Much controversy continues to surround the function of mTOR inhibitors in post-LT HCC recurrence prevention. As previously mentioned, a recent meta-analysis demonstrated that early mTOR-inhibitor-based immunosuppression improves recurrence-free survival over 3 years after LT and reduces the recurrence rate compared to the standard CNI-based immunosuppression, with no significant increase in the frequency of graft rejection (Grigg et al., 2019). In addition, H2304 trial showed that HCC recurrence was only observed in patients with TAC only regimen, but not in patients with everolimus with reduced TAC regimen at 12 months after LT (Jeng et al., 2018). Furthermore, at 24 months after LT, early introduction of everolimus with reduced TAC regimen was associated with the lower HCC recurrence in HCC patients beyond Milan (Lee et al., 2021). Indeed, immunosuppression strategies underpinned by mTOR inhibitors have been introduced in numerous institutions as standard clinical practice for HCC-transplanted cases, despite the lack of evidentiary scientific support (De Simone et al., 2017). Moreover, two recent multicenter prospective trials (one performed in Europe (Geissler et al., 2016) and the other performed in Korea (Lee K. W. et al., 2020) that compared mTOR inhibitor-only and TAC-only regimens in terms of the recurrence of HCC showed conflicting results for recurrence-free survival and overall survival after LT. Future prospective trials with a larger number of enrolled patients are needed to confirm the efficacy of mTOR inhibitors in preventing the recurrence of HCC.

The limitations of our study are as follows: retrospective study in a single hospital, a small number of analyzed patients, heterogeneity of the cohort, and relatively late conversion to mTOR inhibitors.
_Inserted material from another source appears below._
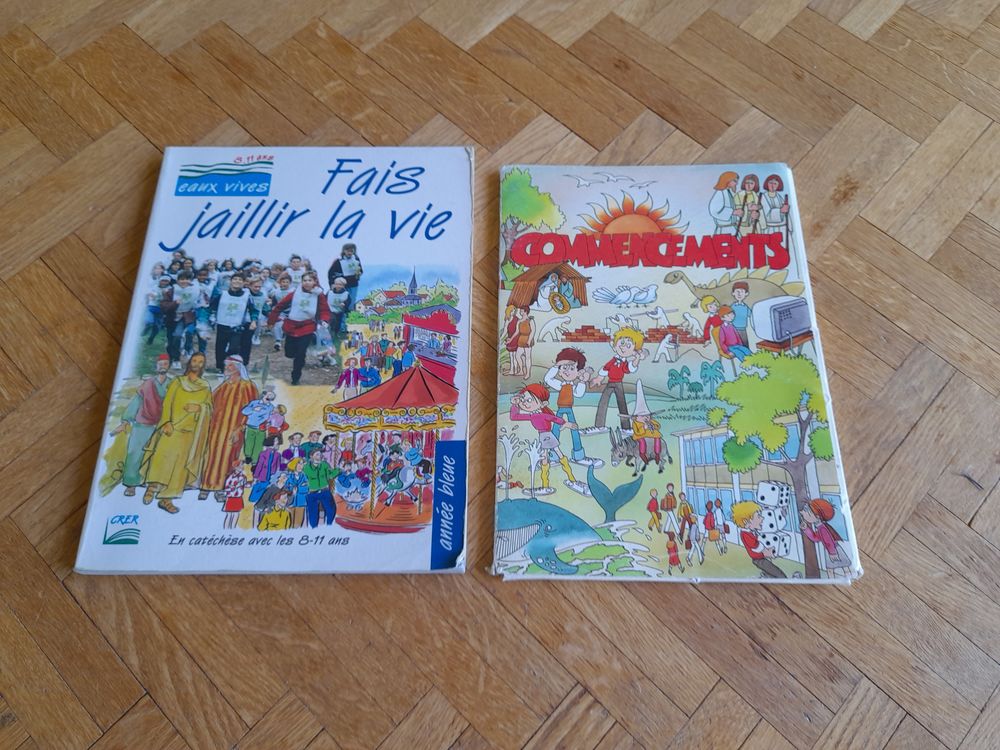 Lot de livres catholiques Livres et BD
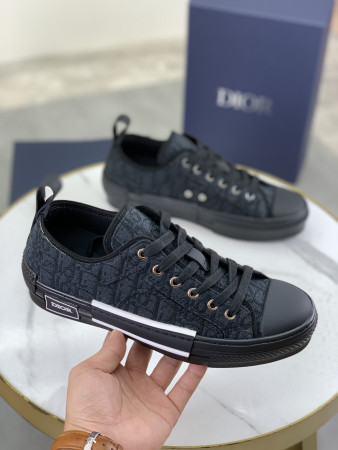 UA Dior B23 League Low-Top Sneaker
In conclusion, this study demonstrated the safety, efficacy, and renoprotective effects of mTOR inhibitors in LT recipients with HCC. This is the first real-life report of mTOR inhibitor application in Korea, where HBV infection is the principal cause of HCC and LDLT is predominant. Future prospective studies comprising patients with or without mTOR inhibitors will elucidate the blood levels and the role of mTOR inhibitors in rescuing renal function and prolonging recurrence-free survival and overall survival in LT patients.